Dear bella_aria-ga
Im like you in that I love to seek out information and enjoy the
challenge of the search. However, whether you can turn this enthusiasm
into a full-time employment solely by using the internet as your
library, is questionable and will be a challenge.
Perhaps if I give you my circumstances as an example. I am based in
the UK. For 30 years I was employed in a career which required logical
investigation techniques and knowledge of computers. Because of
ill-health I now work from home carrying out freelance internet
research. I specialize in research on individuals and companies for
due diligence purposes, and corporate intelligence research. All my
clients are from contacts I made during my previous career, although I
anticipate some new clients will be generated by word of mouth by
existing clients.
I will never be rich with this, I sit at the computer for hours at a
time when Im busy, often week-ends when theres an urgent job on.

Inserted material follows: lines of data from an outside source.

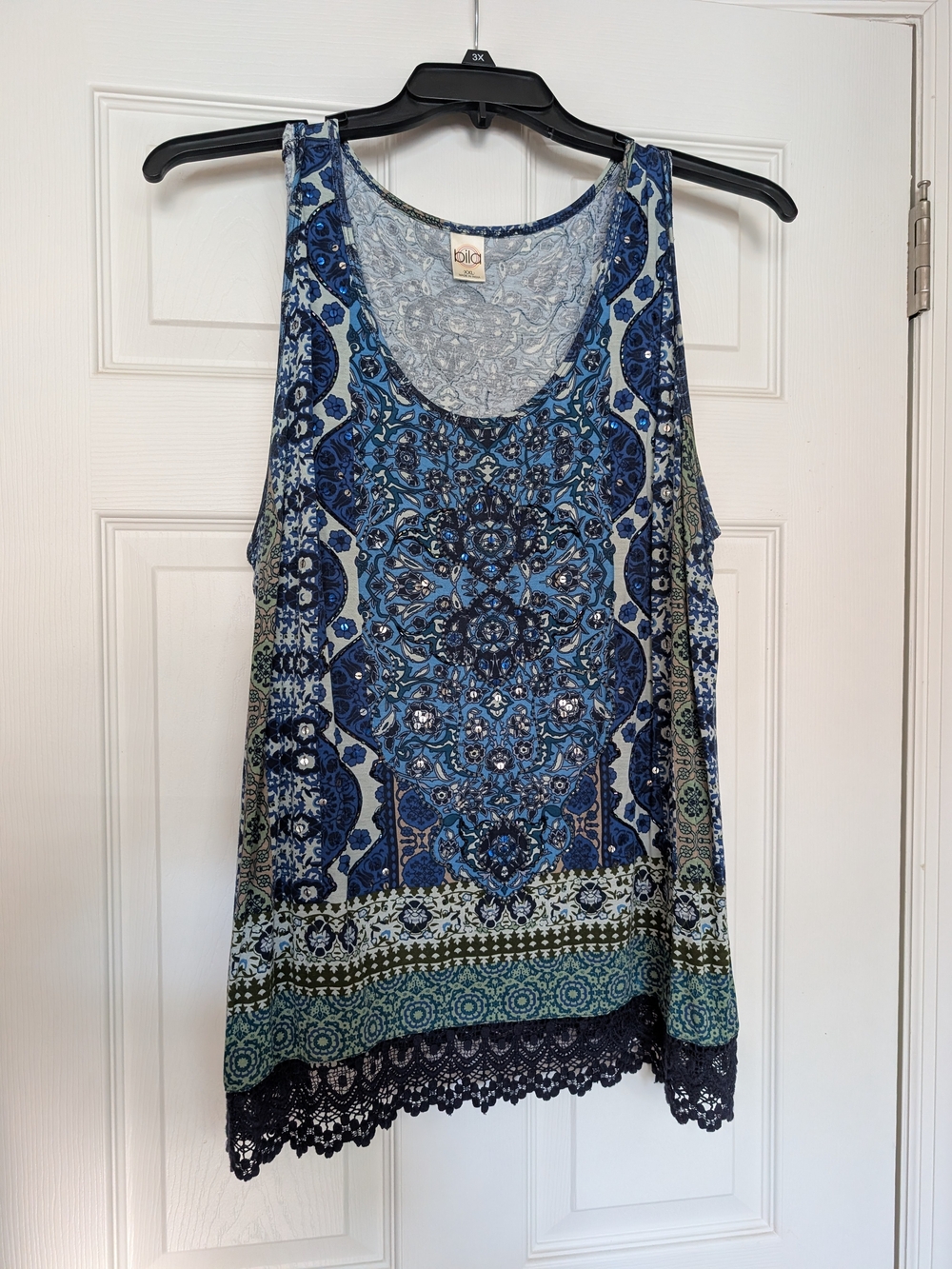Bila Blue Multi-Pattern Lace Hem Tank XXL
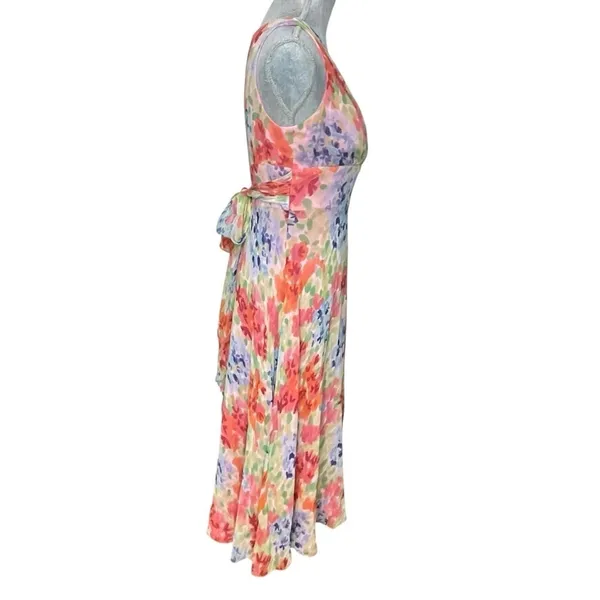 Talbots Silk Floral Sleeveless Midi Dress Pink Multicolor y2k Size 10 - Image 5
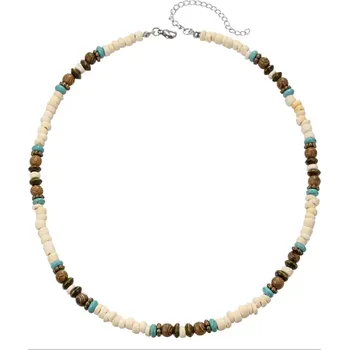 Náhrdelník B-TOP Pánský náhrdelník v kombinaci kokosových, dřevěných a tyrkenitových korálků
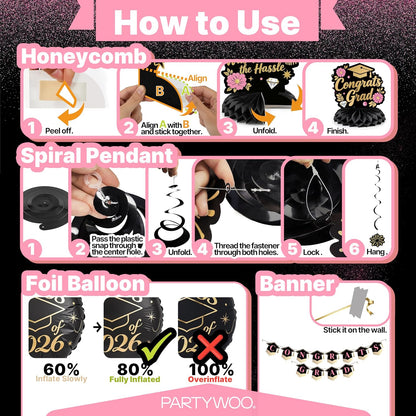 PartyWoo Graduation Decorations - Class of 2026 Black, Gold & Pink 19-Piece Set with Banner & Balloons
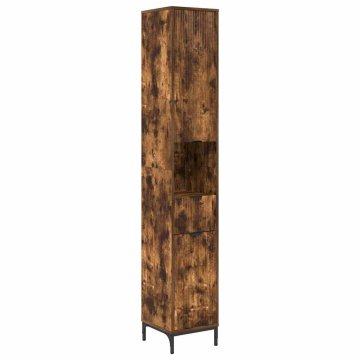 Vidaxl Visoka kopalniška omara Dimljeni hrast 31.5 x 33 x 190 cm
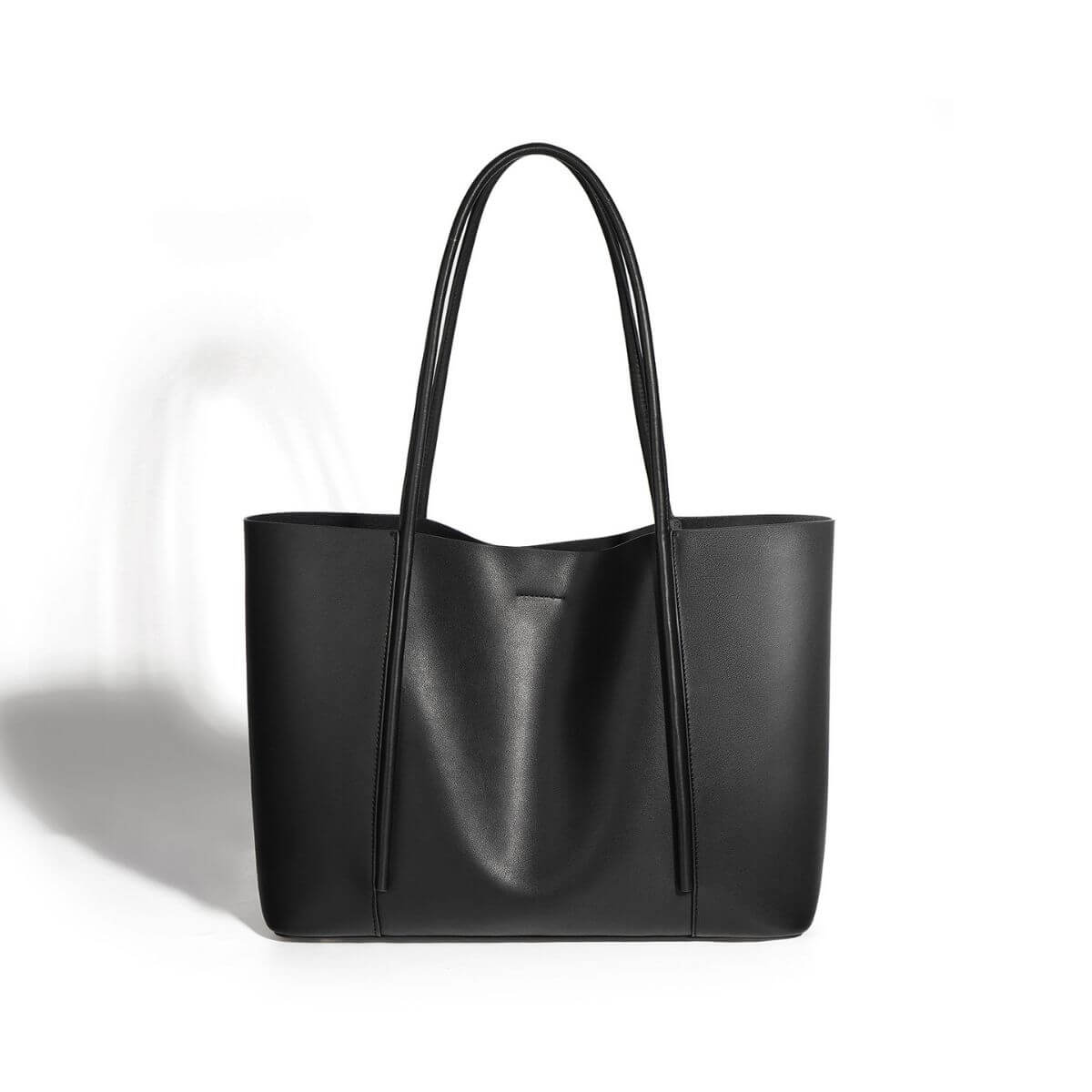 Large Leather Work Tote Bag for Women NZ with Compartments - | Metro | Black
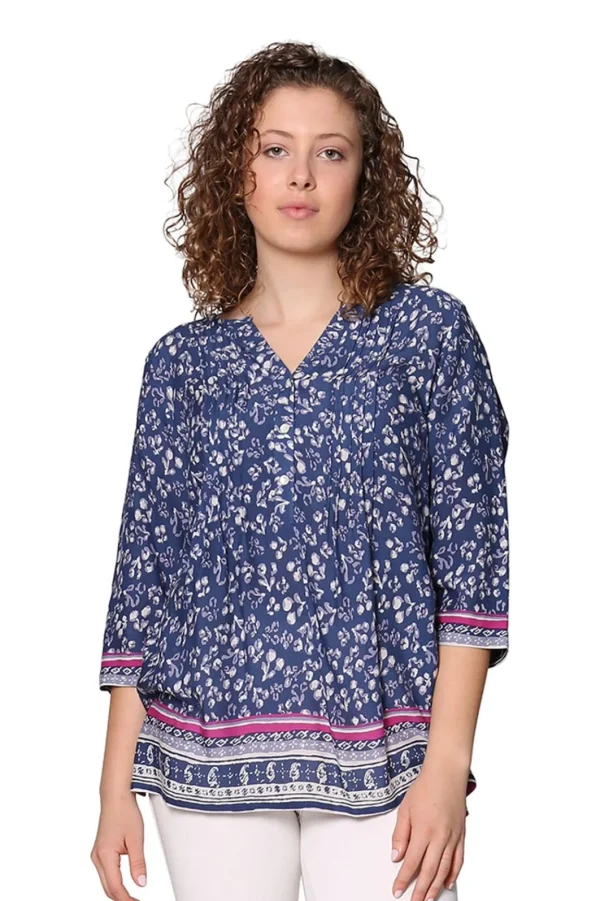 La Cera™ Rayon Print Tunic Blue Clearance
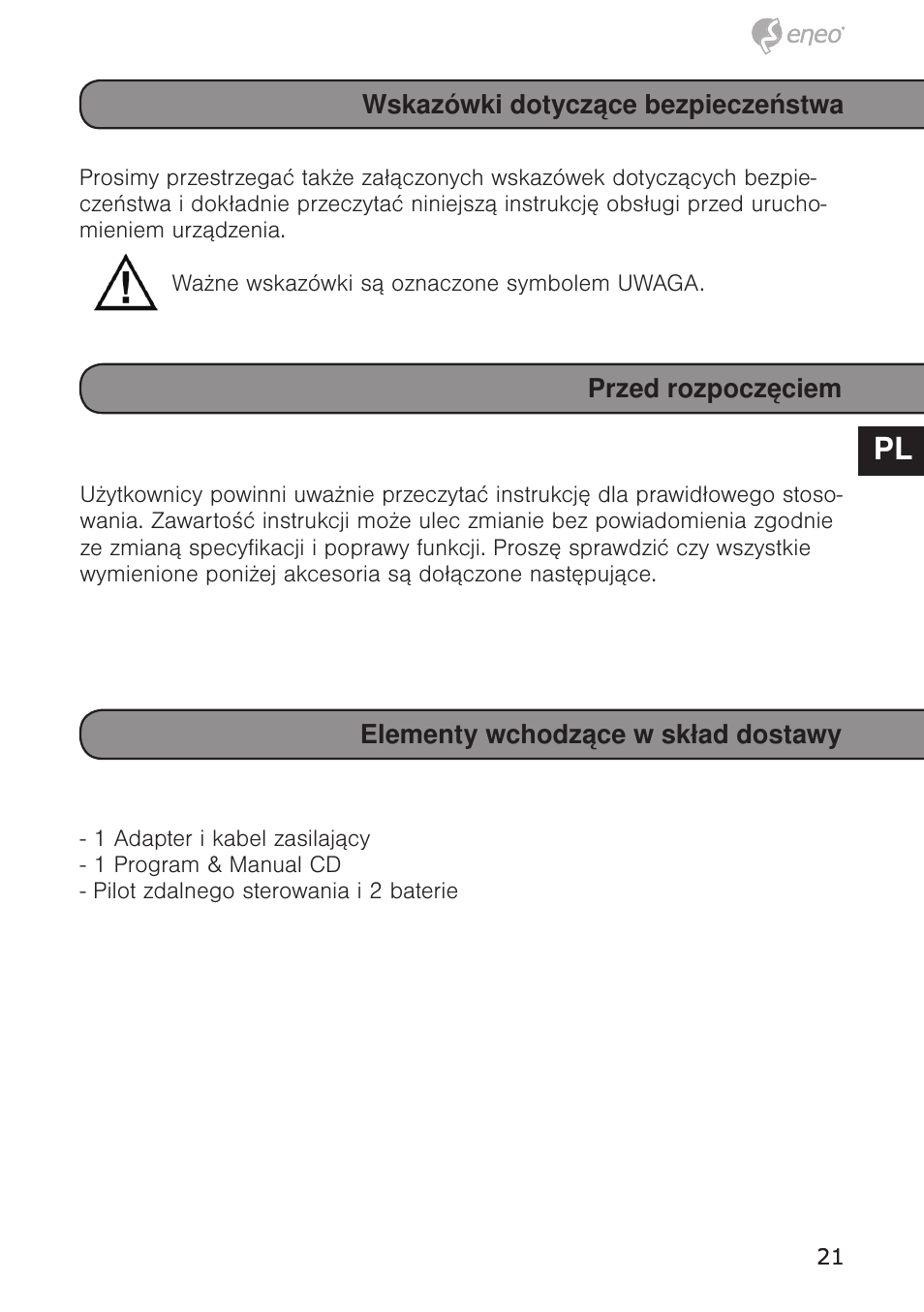 De en fr pl ru | Eneo HDR-5004AH1.0 User Manual | Page 21 / 32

Otherwise it can be days waiting for work or busy on the phone
generating new work.
Google is a welcome source of income, and you are right, often $2-5 is
not a great amount but the computer and phone are paid for so I might
as well use my time usefully.
What does my example tell you?
Working from home for yourself can be lonely and a challenge. Are you
the type of person who could cope with this? Could you cope with the
possibility of low income, especially until youve built up a client
base.
If you are going to do only internet research where will you get your
clients from? Are there companies that you have dealt with in the past
where they employ in-house researchers and you can offer a more
reliable and cheaper service? My main line is Are you wasting time
looking for information on the internet. Save your time for analysis.
Let **** do the groundwork for you.
Is there a specialist area you have knowledge of? Contact companies
offering your services.
Also try investigation agencies, private detectives, genealogists,
lawyers.
Having a web site offering research services is unlikely to work
unless you can draw people to it. Google has the power to draw
millions to it and yet look at the number of questions posed each hour
on this site.
Type in Internet Research in Google and see the response.
://www.google.com/search?hl=en&ie=UTF-8&oe=UTF-8&q=%22internet+research%22
How many potential clients would type in such a search and find you?
How would they pay you? Do you want the problems of collecting
payments from strangers?
Would you offer paid for sites? e.g. LexisNexis, Dun & Bradstreet?
Expensive would your client base justify the outlay?
Do you have the computer skills and search techniques to provide a
good service? Try several of the questions on Google to test your
search strategy but dont forget how you would present the information
you have found to your client.
These are just a few of the things you have to think about.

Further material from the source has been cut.